Earlier this year, Ashley Green and Michael Hall—senior dancers at Columbia City Jazz in Lexington, SC—were performing their duet, Redemption, at a 24 Seven Regionals competition. It’d already been a long day, and they were tired. Near the end of their performance, disaster struck: Michael’s leg gave out during a lift and both dancers ended up on the ground. But in the blink of an eye, Ashley made their fall look intentional. “She got up, looked at him as if he’d wronged her, and exited without him,” recalls CCJ artistic director Dale Lam. “Her recovery worked so well that they changed the routine, took it to Nationals that way and won!”
In their duet, Redemption, Ashley Green and Michael Hall used an onstage flub to their advantage. (Photo courtesy Dale Lam)
For 17-year-old Ashley, stopping the piece to deal with the fall wasn’t an option. “When things go wrong, I just keep moving and try not to show it on my face,” she says. “No matter what, you have to make it work.”
Having that never-quit mentality can pay off, but the mantra of “The show must go on,” especially in the face of onstage calamity, is easier said than done. Whether it’s a glitch in the music, a costume that comes undone or a partner who drops the ball (or drops you!), here’s how to handle the most unfortunate of performance circumstances.
Music malfunctions are all too common, especially for competition dancers who are often playing their songs on new devices at each event. When you’re onstage by yourself, turning to your improv skills when the music skips or stops may be enough to save you. But staying in sync in a group number is tricky when you don’t have the music on your side. Lam has her dancers practice combinations without music, so they learn to keep time by breathing together. “You can stay on the rhythm by noticing the beat of feet on the floor and listening to each other’s breath,” she says. Lam has also seen dancers in musical theater numbers save the show by singing their music during a technical glitch. “They were so connected to the song, and the audience loved it,” Lam says. “When things go wrong, you can get upset or you can do something totally unexpected. And in the latter case, the audience will be forgiving.”
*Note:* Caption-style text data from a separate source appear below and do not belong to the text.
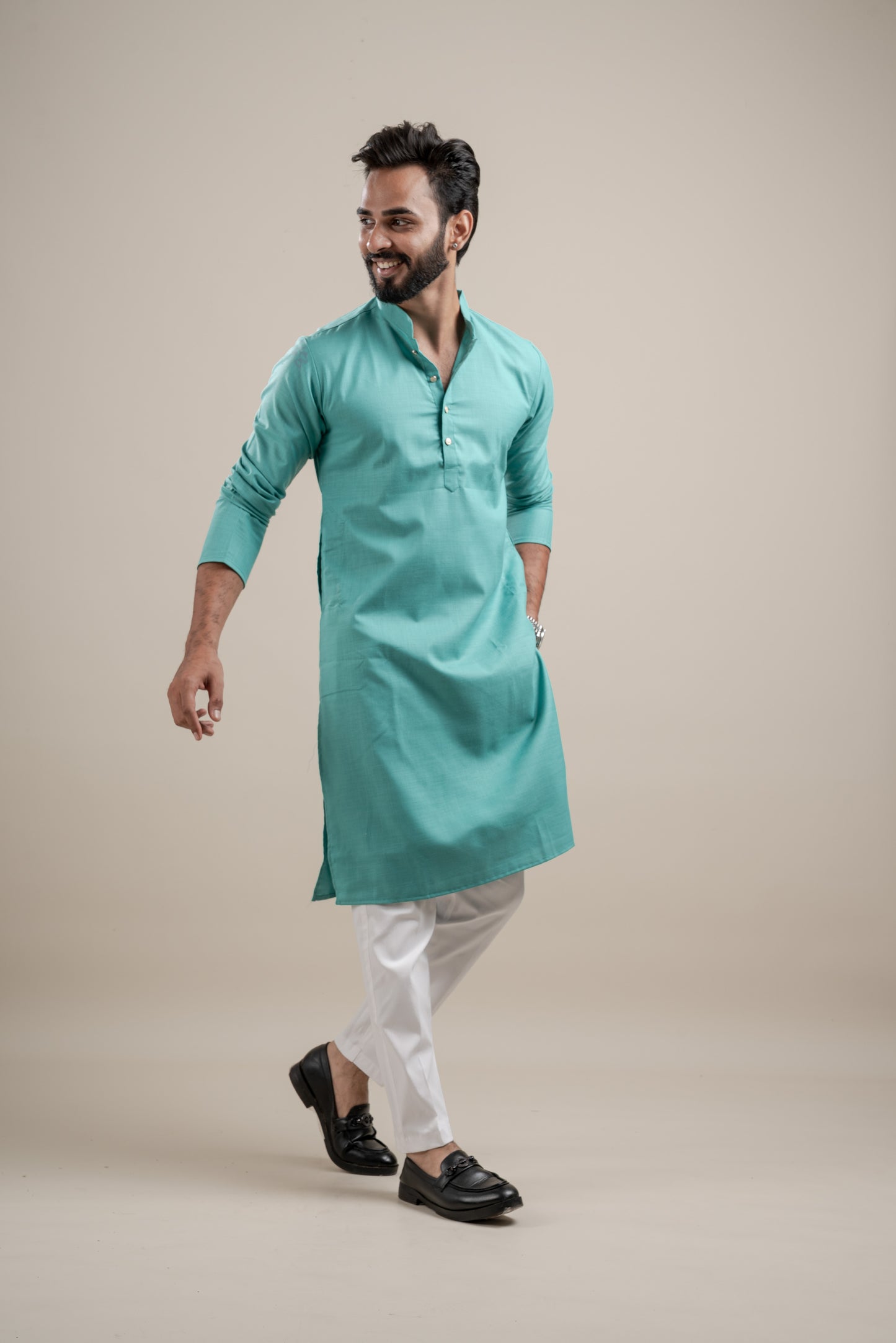PLAIN DOUBLE MAGIC CYAN KURTA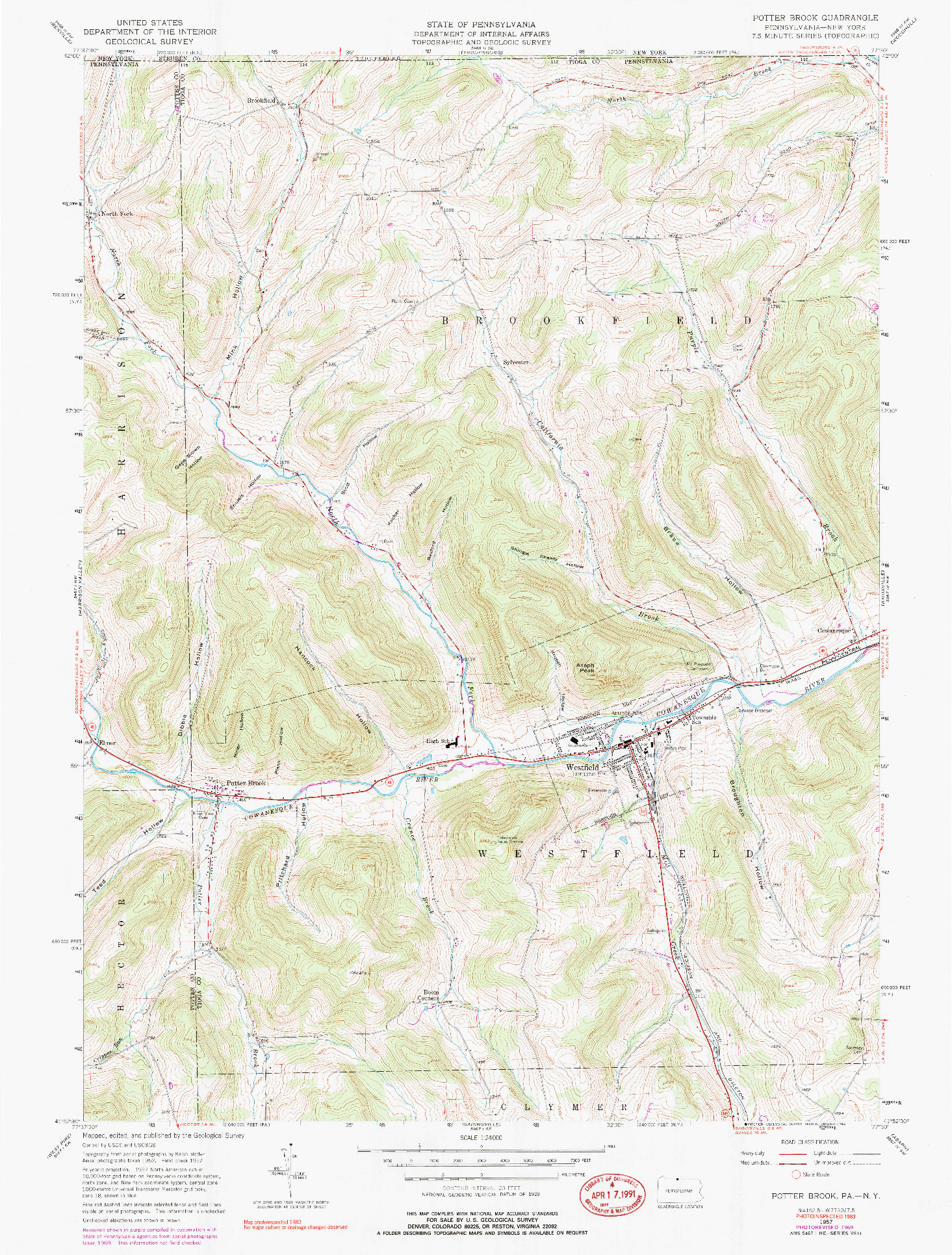 USGS 1:24000-SCALE QUADRANGLE FOR POTTER BROOK, PA 1957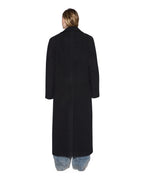 Womens Hudson Oversized Wool Coat Black Relaxed Jackets - Black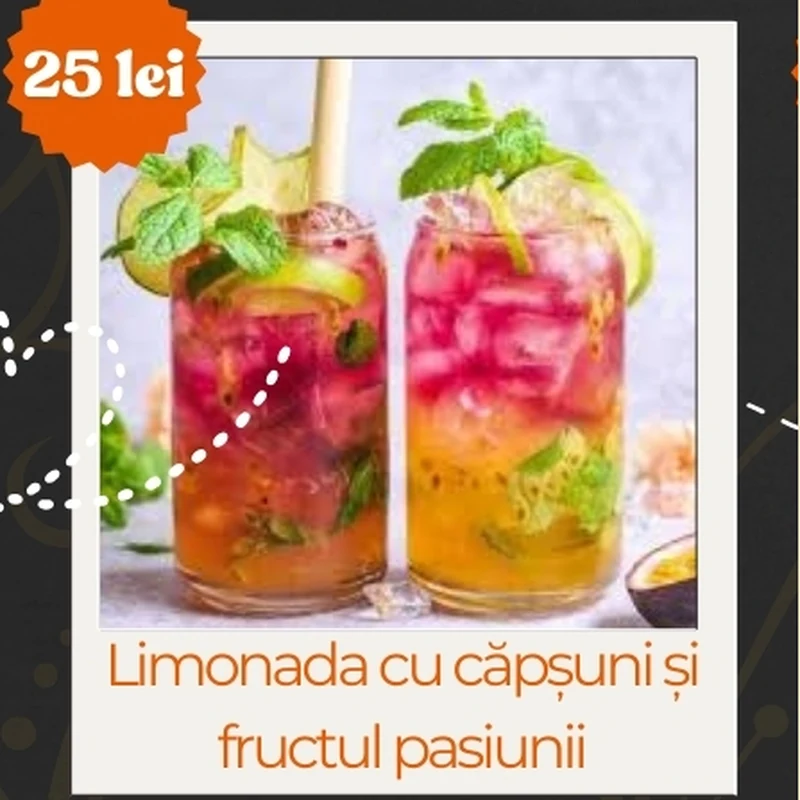 Limonadă cu căpșuni și fructul pasiunii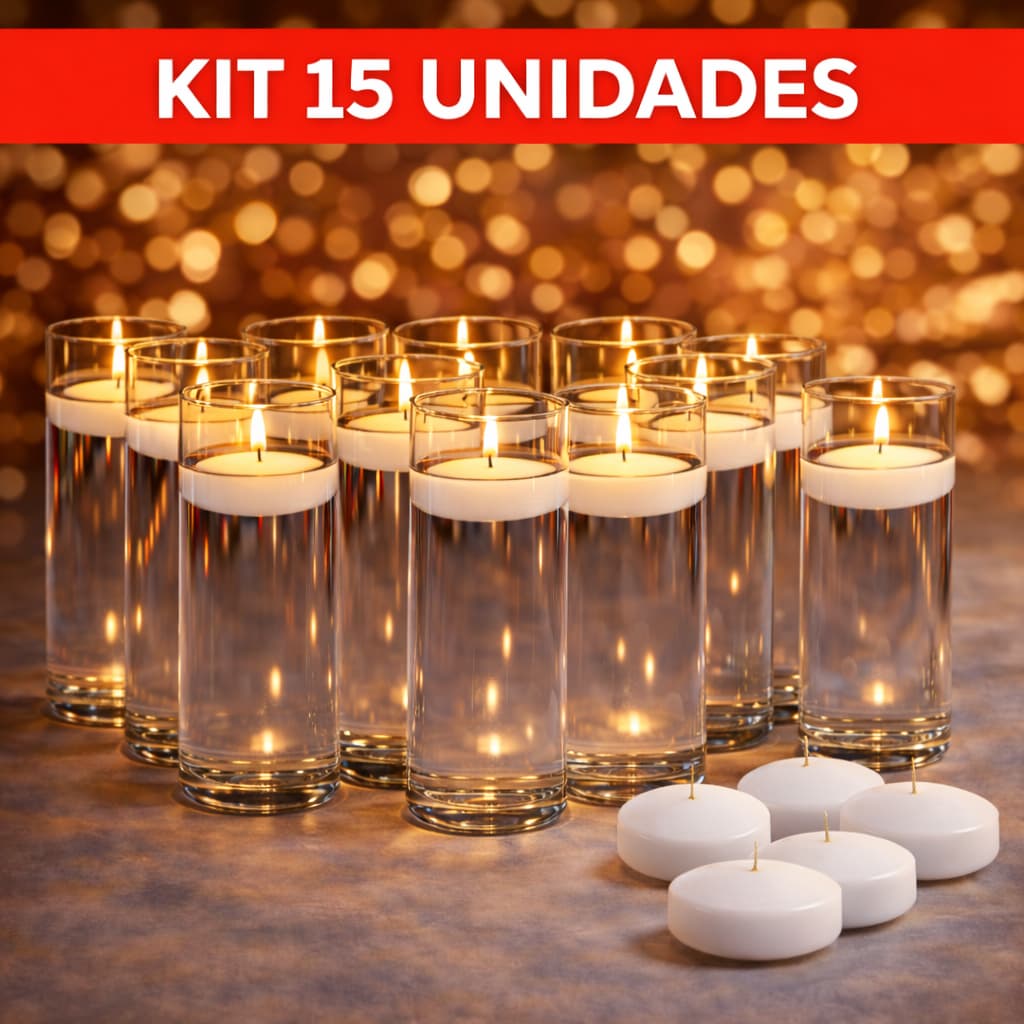 15 Velas Flutuante para Festas Decoração Vela que Flutuam Até18 Horas Acesas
So will the judges. Professional tapper Melinda Sullivan says that, when judging competitions, she’ll never take off points for a mishap that’s outside of a dancer’s control—as long as it’s handled well. “At New York City Dance Alliance this year, I remember thinking one group number was great, but then there was an announcement that the number was running again because they’d performed the whole piece to the wrong music,” Sullivan says. “Since they stayed committed, I had no idea!”
When costumes rip or come untied, dancers have a choice to make: Should they fix it onstage, make a quick exit or let it be? Choreographer Stacey Tookey remembers the first time she had to make this tough call as a teenager, when a halter top came untied completely. “I unfortunately opted to continue dancing while holding my top up for the whole routine,” Tookey says. “But now I know that if you’re really exposed, it’s OK to leave the stage.” This is especially true for a group routine: Ducking into the wings to fix a costume calamity might pull less focus than trying to retie a top mid-routine. If you can, exit and reenter during formation changes, when the audience is less likely to notice. Keep a sewing kit handy backstage in case you need to make last-minute repairs or adjustments.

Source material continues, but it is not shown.